The clinical efficacy and safety of ampicillin/sulbactam versus metronidazole-gentamicin were evaluated in a comparative, randomized, prospective study. Forty-four patients were enrolled: 22 received the ampicillin/sulbactam regimen, and 22 received the metronidazole-gentamicin combination. There were 33 cases of severe acute pelvic inflammatory disease, two tuboovarian abscesses, five cases of endomyometritis, and two cases of posthysterectomy pelvic cellulitis. Aerobic and anaerobic cultures from the infection sites yielded 447 microorganisms from 44 patients (an average of 10 bacteria per infection; 6.4 anaerobes and 3.7 aerobes). The most frequent isolates were Bacteroides sp., 54; Bacteroides bivius, 17; black-pigmented Bacteroides, 12; Bacteroides disiens, 11; Fusobacterium, 13; Peptostreptococcus anaerobius, 24; Peptostreptococcus asaccharolyticus, 21; anaerobic gram-positive cocci, 34; Gardnerella vaginalis, 29; Neisseria gonorrhoeae, 17; alpha-hemolytic streptococci, 15; and Escherichia coli, five. Clinical cure was noted in 19 of 20 patients treated with ampicillin/sulbactam and 18 of 21 patients treated with metronidazole-gentamicin. One treatment failure occurred in the ampicillin/sulbactam group in a patient who required antichlamydial therapy and had a complex left adnexal mass consistent with an abscess. The cases of metronidazole-gentamicin failure included two patients initially diagnosed as having tuboovarian abscesses who required a change in antibiotic therapy to control the infections. The third patient had postabortion endomyometritis that did not respond to metronidazole-gentamicin therapy within 48 hours, and required a change of medication. No adverse hematologic, renal, or hepatic effects were noted in either group of patients.

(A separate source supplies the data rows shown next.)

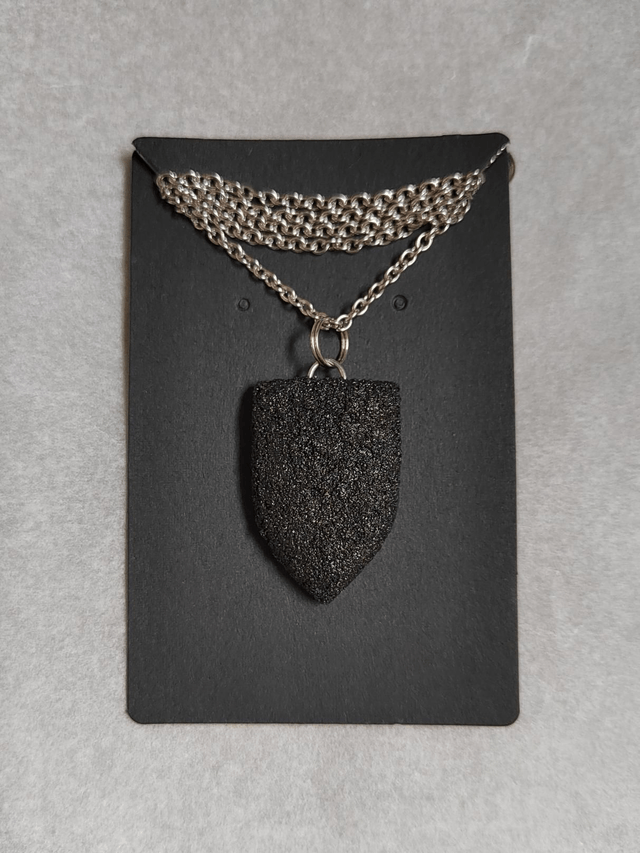 Black textured pendant with chain and leather cord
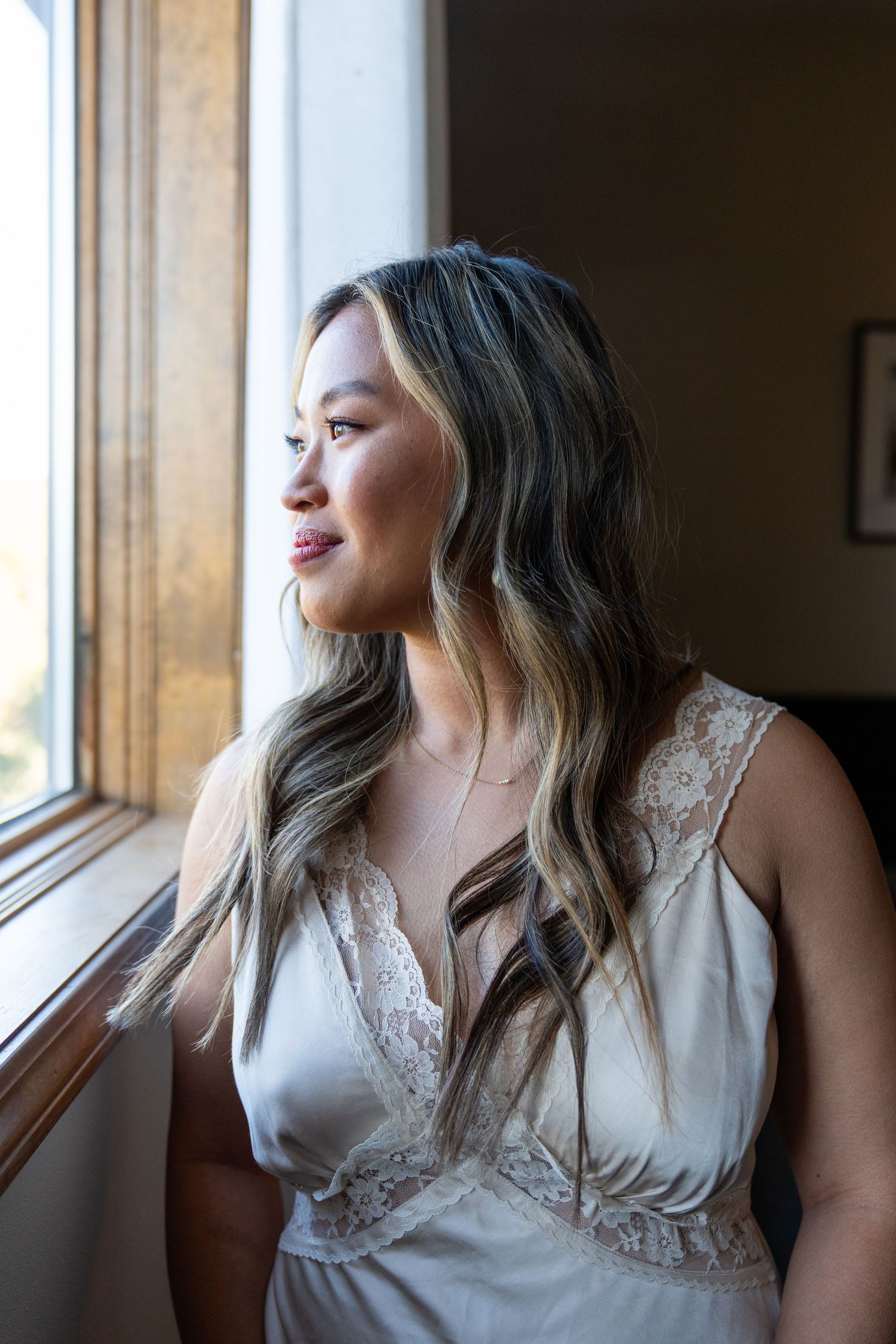 Soft natural window light illuminates someone in elegant attire looking outside.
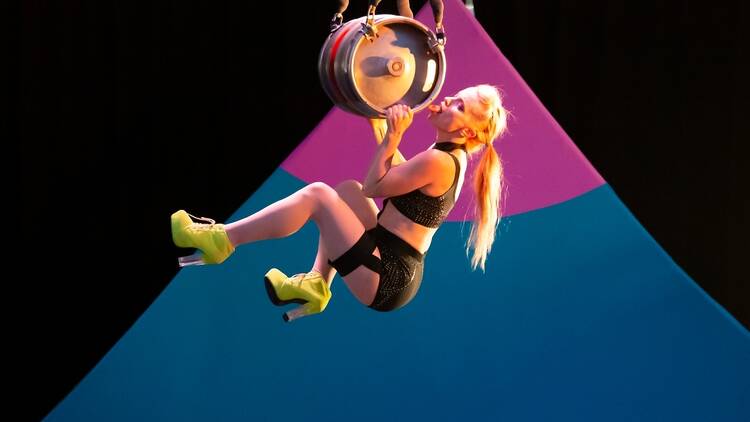 An acrobat hanging from a pendulum 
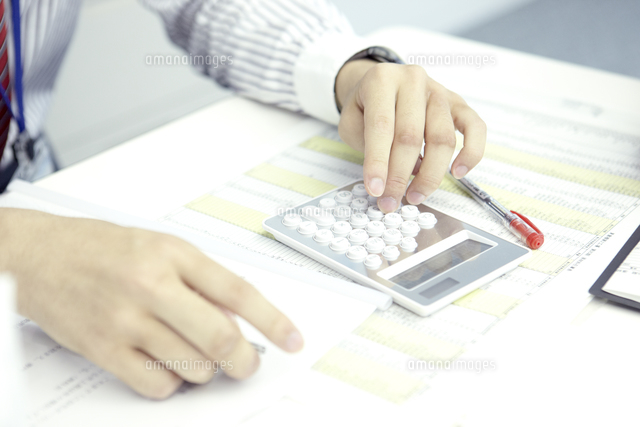 電卓を打つビジネスマンの手元 の写真素材 イラスト素材 アマナイメージズ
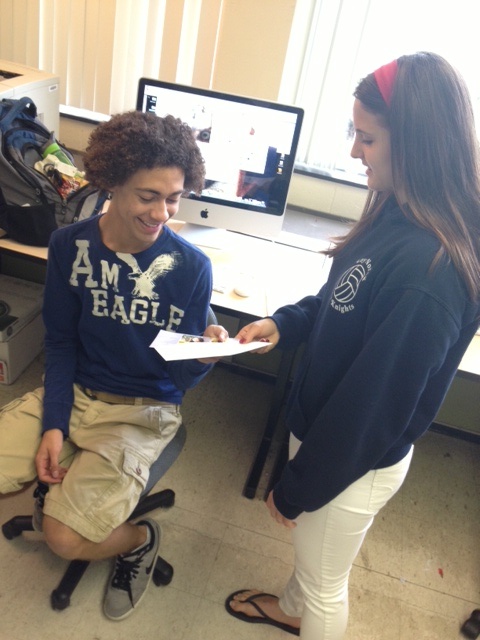 Photo by Mia Leibold 

Senior Erin Romph and Josh Johnson exchange graduation invitations in class. They are both having celebrations at their homes in June. 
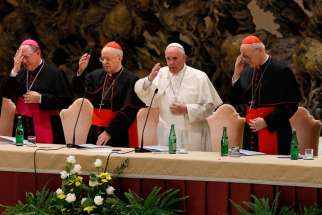 Pope Francis delivers his blessing during an event marking the 50th anniversary of the Synod of Bishops in Paul VI hall at the Vatican Oct. 17.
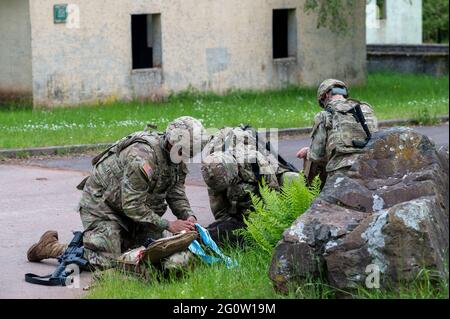 Baumholder, Deutschland. Juni 2021. US-Soldaten kümmern sich während einer Übung um eine Soldatinnen mit einer Schusswunde. Im Rahmen der US-geführten Militärübung 'Defender Europe 21' trainierten Truppen im Militärausbildungsgebiet Baumholder unter anderem den Transport und die Betreuung von Verwundeten. Quelle: Harald Tittel/dpa/Alamy Live News Stockfoto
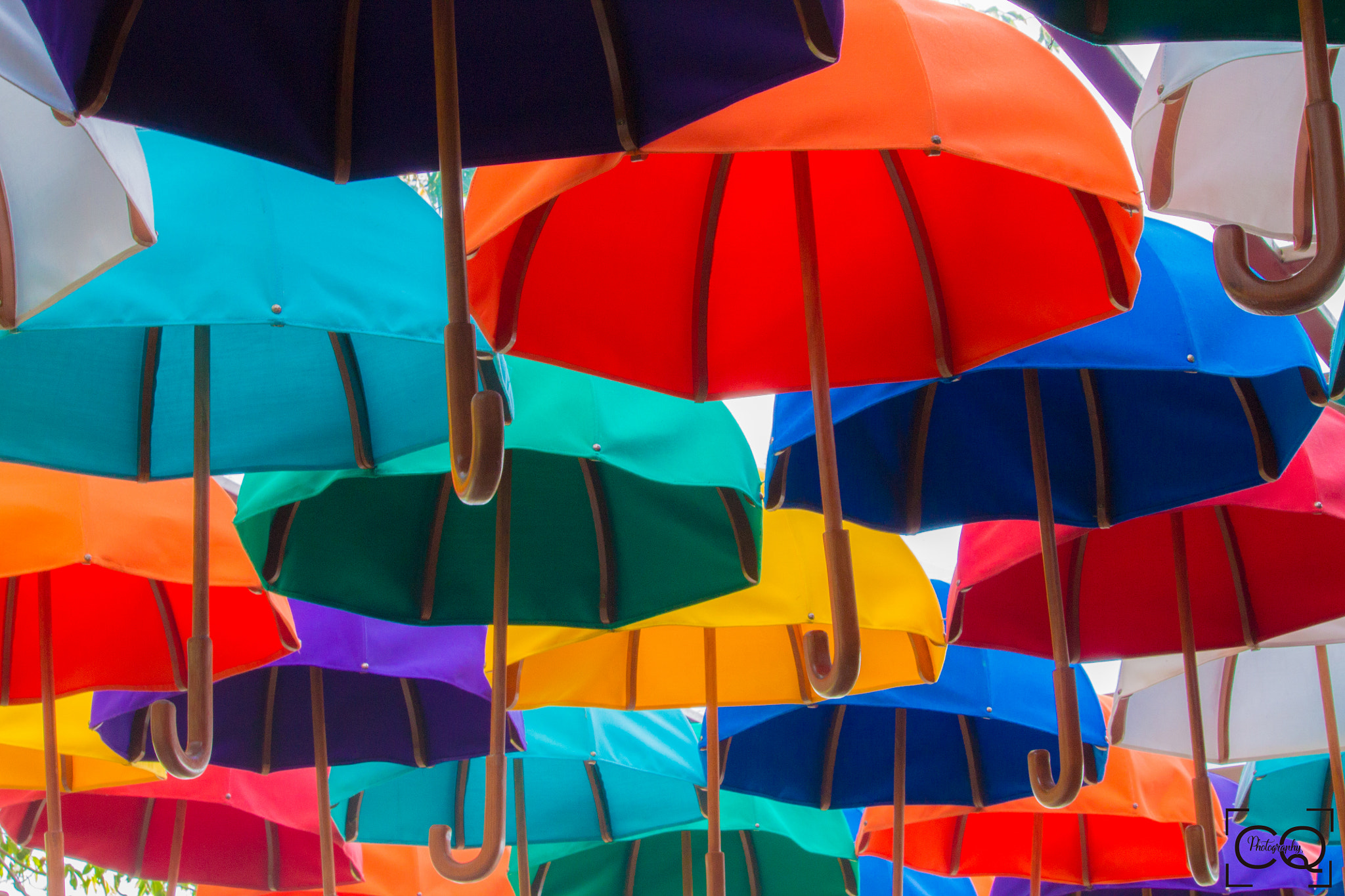 Canon EF-S 55-250mm F4-5.6 IS STM sample photo. Colors and umbrellas photography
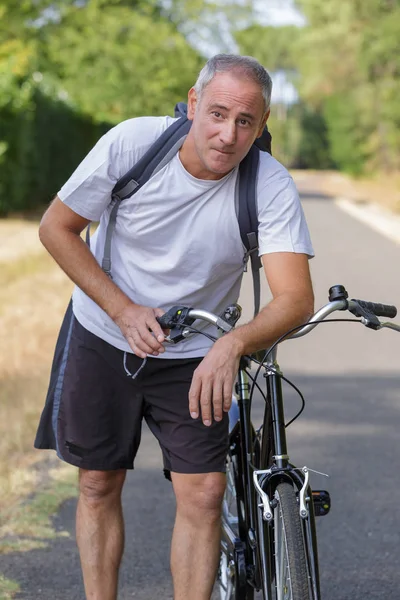 Homem maduro ciclista ao lado de uma bicicleta — Fotografia de Stock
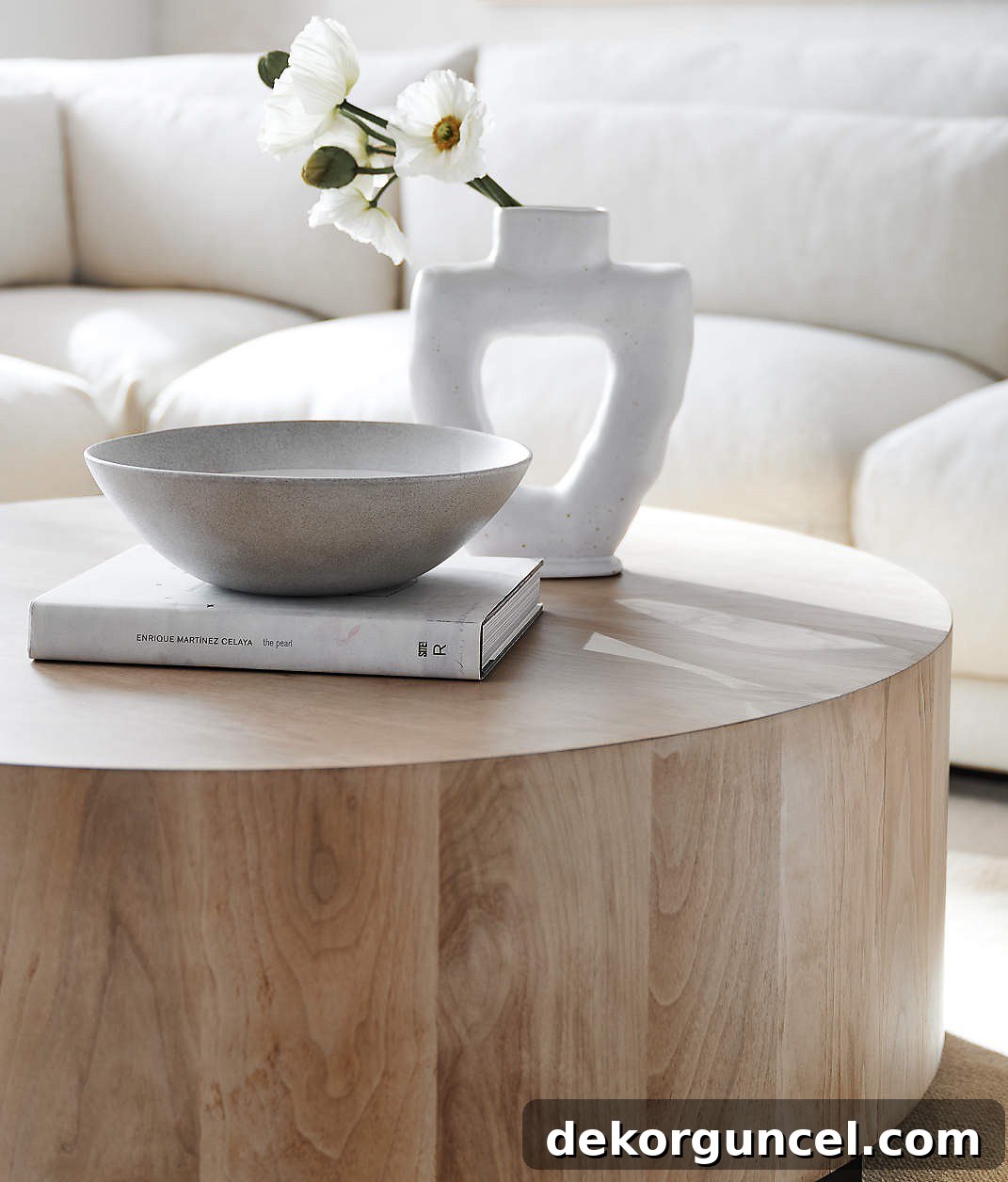 Round coffee table with book, bowl, and vase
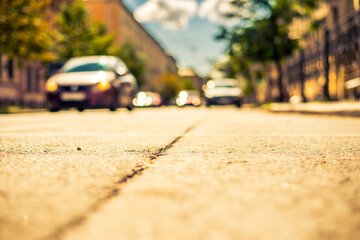 Clear day in the big city, the cars goes down the street. View from the level of asphalt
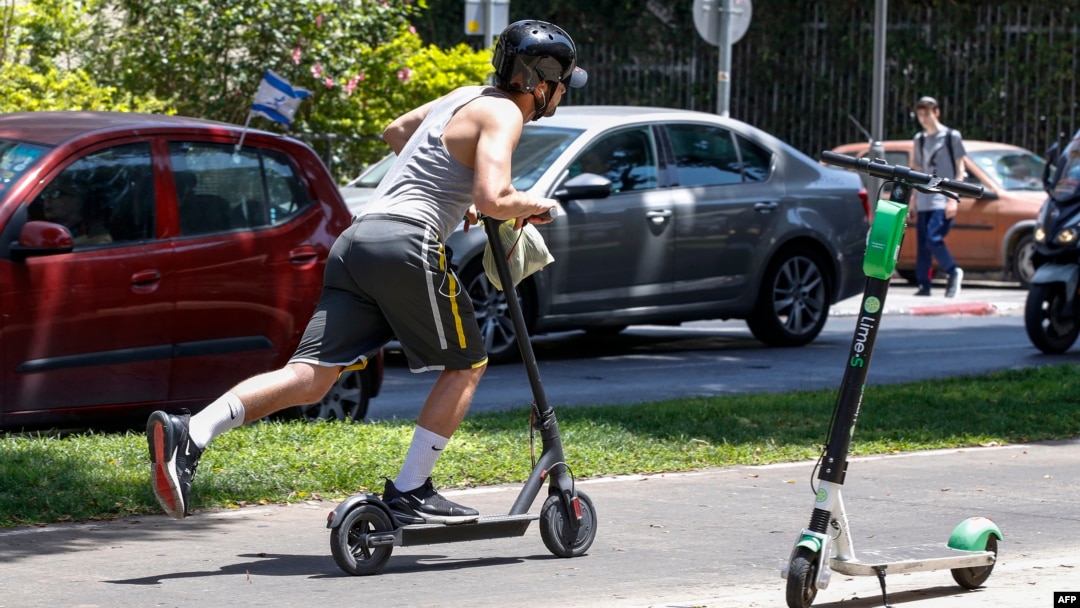 Seorang pria mengendarai skuter di jalanan Kota Tel Aviv, Israel, 30 Mei 2019. (Foto: AFP)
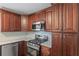 Well-equipped kitchen featuring stainless steel appliances and dark wood cabinetry at 124 Hunters Mill Rd, Woodstock, GA 30188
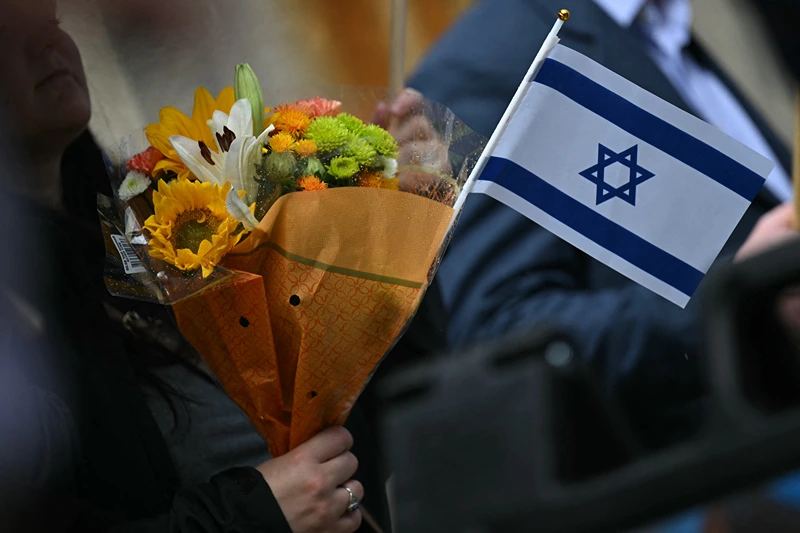 A woman holds flowers and an Israeli national flag in a sign of support outside the Capital Jewish Museum following a shooting that left two people dead, in Washington, DC, on May 22, 2025. Two Israeli embassy staffers, identified as Yaron Lischinsky and Sarah Lynn Milgrim by the Israeli foreign ministry, were shot dead late May 21, outside a Jewish museum in Washington by a gunman who shouted "free Palestine," authorities said, with US officials and Israeli diplomats expressing shock and outrage over the killings. (Photo by Drew ANGERER / AFP) (Photo by DREW ANGERER/AFP via Getty Images)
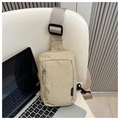 Detail view of light khaki nylon chest bag with zippers beside a laptop on a chair - Fashion Design (9496-F) / Khaki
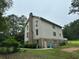 Rear of the house featuring a brick chimney and a door to access outside from the basement at 2377 Centerville Rosebud Rd, Loganville, GA 30052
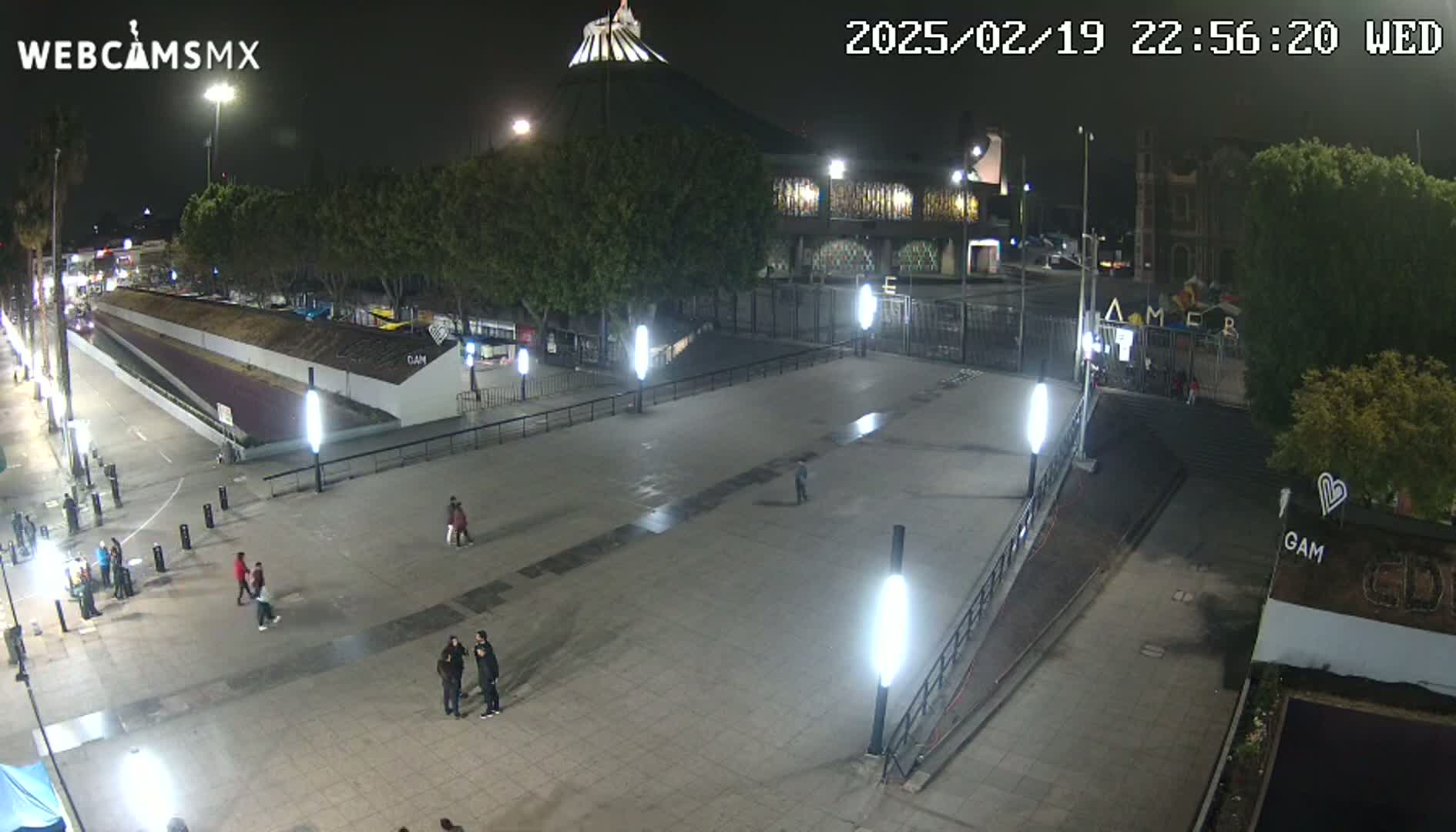 A nighttime, high-angle view of a plaza with several people walking around, illuminated by bright lights, in front of a large building.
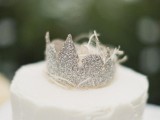 a white buttercream wedding cake topped with a silver glitter crown is a lovely idea for a wedding with a royal feel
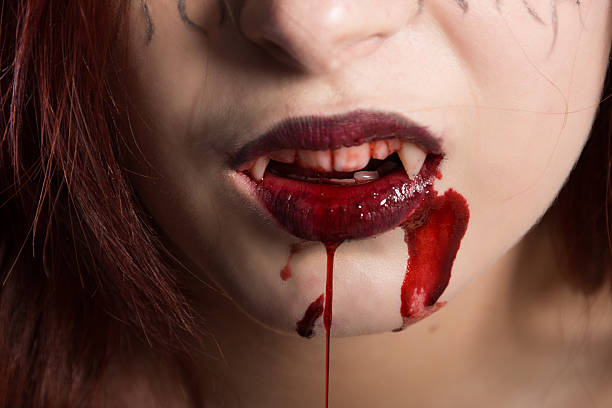 istock Vampire's bloody mouth with fangs. 520136459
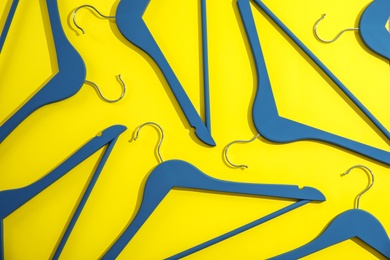 Photo of Flat lay composition with empty hangers on color background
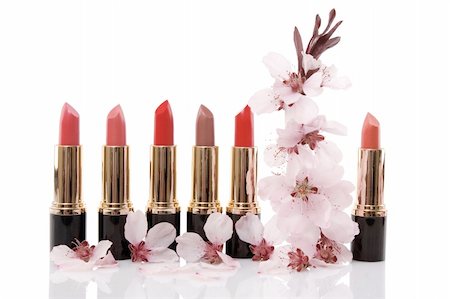 different red lipstick and cherry flower, beauty concept on white background Stock Photo - Budget Royalty-Free & Subscription, Code: 400-04851433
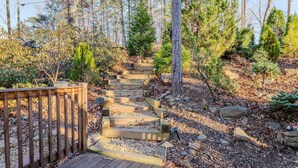A wooden staircase leading up a hill, surrounded by trees and rocks. - Lakeside Retreat Lake Lanier-Enjoy fall with amazing hiking and wineries! (Dawsonville)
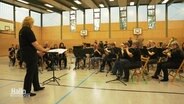 Das Orchester sitzt in einer Turnhalle. © Screenshot 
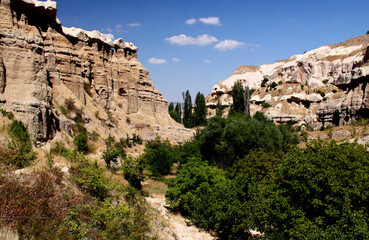 Fototapeta na wymiar Amazing mountains in the Pigeon Valley near the towns of Goreme and Uchisar in Cappadocia, Turkey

在一项比较性、随机、前瞻性研究中,对氨苄西林/舒巴坦与甲硝唑-庆大霉素的临床疗效和安全性进行了评估。共纳入44例患者:22例接受氨苄西林/舒巴坦治疗方案,22例接受甲硝唑-庆大霉素联合治疗。其中有33例严重急性盆腔炎、2例输卵管卵巢脓肿、5例子宫内膜炎和2例子宫切除术后盆腔蜂窝织炎。对感染部位进行需氧和厌氧培养,从44例患者中分离出447种微生物(平均每个感染部位有10种细菌;6.4种厌氧菌和3.7种需氧菌)。最常见的分离菌为拟杆菌属54株、二路拟杆菌17株、产黑色素拟杆菌12株、解脲拟杆菌11株、梭杆菌属13株、厌氧消化链球菌24株、不解糖消化链球菌21株、厌氧革兰氏阳性球菌34株、阴道加德纳菌29株、淋病奈瑟菌17株、α溶血性链球菌15株和大肠埃希菌5株。接受氨苄西林/舒巴坦治疗的20例患者中有19例临床治愈,接受甲硝唑-庆大霉素治疗的21例患者中有18例临床治愈。氨苄西林/舒巴坦组有1例治疗失败,该患者需要抗衣原体治疗,并有一个与脓肿相符的复杂左侧附件包块。甲硝唑-庆大霉素治疗失败的病例包括2例最初诊断为输卵管卵巢脓肿的患者,他们需要更换抗生素治疗以控制感染。第3例患者流产后发生子宫内膜炎,在48小时内对甲硝唑-庆大霉素治疗无反应,需要更换药物。两组患者均未观察到不良血液学、肾脏或肝脏影响。